> Given data:
:::::

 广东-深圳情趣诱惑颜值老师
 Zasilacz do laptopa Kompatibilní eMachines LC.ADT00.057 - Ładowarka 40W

:::::

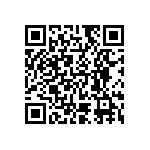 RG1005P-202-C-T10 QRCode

:::::

Your task is to transcribe, with no changes, only the lines of the listing above that lie between the line holding "广东-深圳情趣诱惑颜值老师" and the line holding "Zasilacz do laptopa", inclusive.

> Result of this task:
 广东-深圳情趣诱惑颜值老师
 Zasilacz do laptopa Kompatibilní eMachines LC.ADT00.057 - Ładowarka 40W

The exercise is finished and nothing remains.